High-performance lexing in OCaml

I’m in the process of writing parser for a YAML-like language, that extends JSON, and is specified in two layers: a lexical layer, and a grammatical layer. The current implementation uses sedlex + camlp5 extensible grammars. Obviously performance is really important for this sort of thing: I used these particular libraries b/c they were available and efficient for programmer productivity, and am under no illusions that they’re the ne plus ultra of performance.

So I’m thinking about how to write a high-performance version, that would do as much as possible to avoid memory-allocation, copies, etc. I already know that I can switch to recursive-descent for the grammar (initially using Camlp5 stream-parsers) but I’m thinking about ways to do better for the lexer:

  1. Probably switch to ocamllex, so that instead of converting a UTF-8 stream to UCS-2 glyphs in an array, and then converting back, we just keep things in UTF-8. This seems like it should be a win.
  2. Yojson has some tricks to avoid allocations, and I’m going to try to figure how to benefit from those.

But I wondered if others had ideas for how to wring the absolute most performance out of ocamllex. B/c after that, the next step is to figure out how to write a lower-level lexer, and … that seems like a much more … fraught exercise. I’ve wondered if maybe there’s a way to use regular expressions, maybe somehow hacking the regexp engine to make processing N alternative regexps as efficient as processing a single one. But that’s really just random musing.

Anybody with any advice, would be greatly appreciated.

I think the yojson hack you mention was found by accident. I don’t think I copied it from somewhere else, but rather by looking at the generated code and guessing that allocating at high frequency would make things slow.

To make parsers fast at the expense of using more memory, tuning the GC settings with Gc.set could work well. Of course it could also hurt the application in which parsing happens. An idea is to provide a function make_faster: unit -> unit, which the user can try to speed things up. Here’s what we use in semgrep:

  Gc.set {
    (Gc.get()) with
    Gc.space_overhead = 300;
    Gc.minor_heap_size = 4_000_000;
    Gc.major_heap_increment = 8_000_000

There is a chance that if you put lexing and parsing to parallel threads then overall parsing performance will be better

Yes, I’ve found that while other kinds of performance optimization are important, to a first approximation you can just (just) profile for allocation-rate, and working to remove allocation hotspots will do a ton for perf.

I have a vague memory of comparing perf of ocamllex against pcre at some point, and finding that the latter was faster. But memory escapes me, ah well.

@Kakadu : I’m more looking for ways to decrease instruction-count, not ways to employ parallelism (though, since this is compute-bound near-100% ocaml code, I doubt that multithreading would speed it up). [by compute-bound, I mean that, I’m excluding I/O, assuming that the problem is to parse from already-read memory-buffers: the problem of I/O optimization is a separate problem.]
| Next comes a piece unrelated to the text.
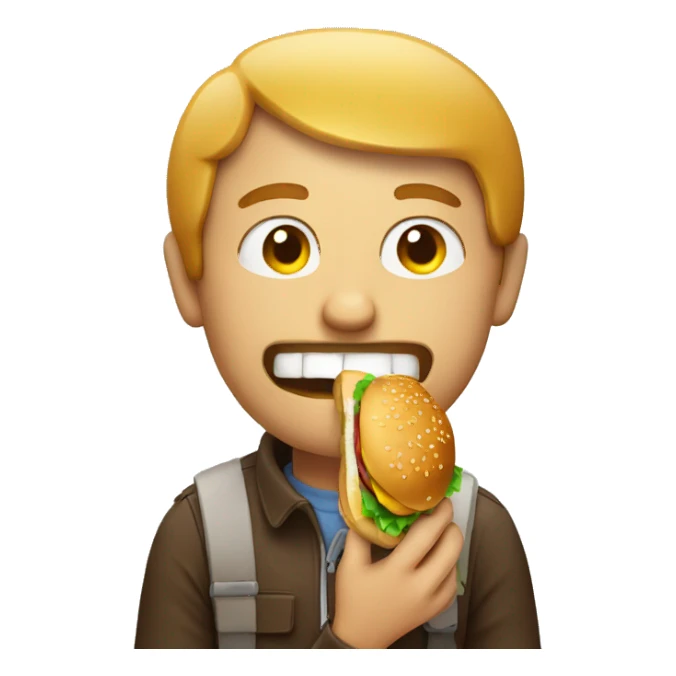 Man eating burger sticker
P.S. Your point about increasing heap-sizes is well-taken, but I’m eschewing such methods, b/c they can always be applied after other optimizations have been done. I want to find out what can be done just in the code.
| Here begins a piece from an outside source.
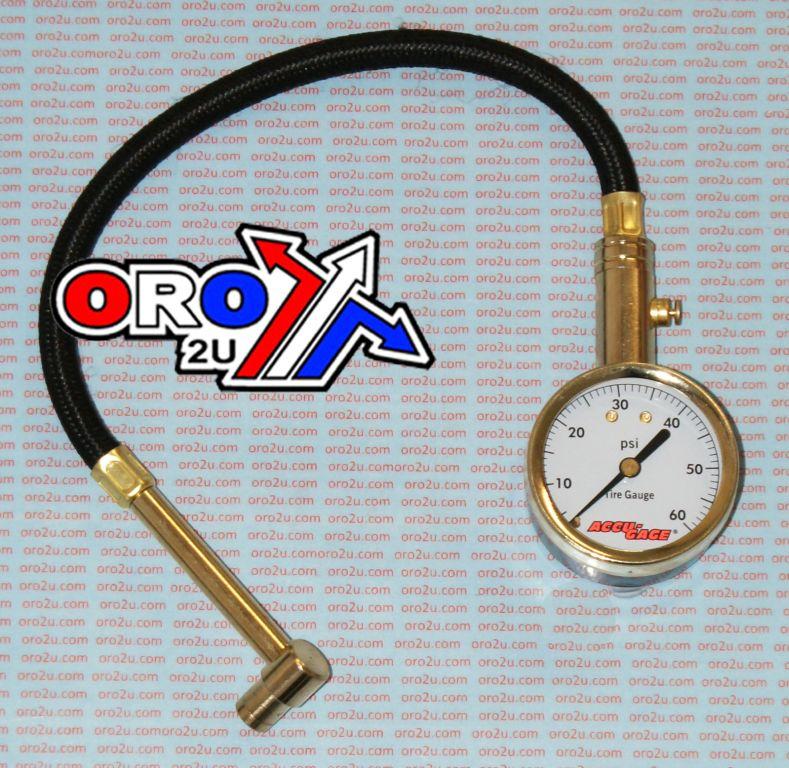 TYRE PRESSURE GAUGE 60 PSI., WITH HOSE & BLEEDER 90* TIP, RA60X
The ocamllex -ml option will generate the lexing automaton as OCaml code (instead of a data table interpreted by the runtime). In the past it was not recommended / not the default as generally the normal mode performs better and is less likely to make the compiler blow in your face, but since OCaml 4.08 (@alainfrisch’s upstream PR #1585) it was optimized and is reported to be significantly faster (than the default backend) in some cases, see the benchmarks at the time. I guess you should try it.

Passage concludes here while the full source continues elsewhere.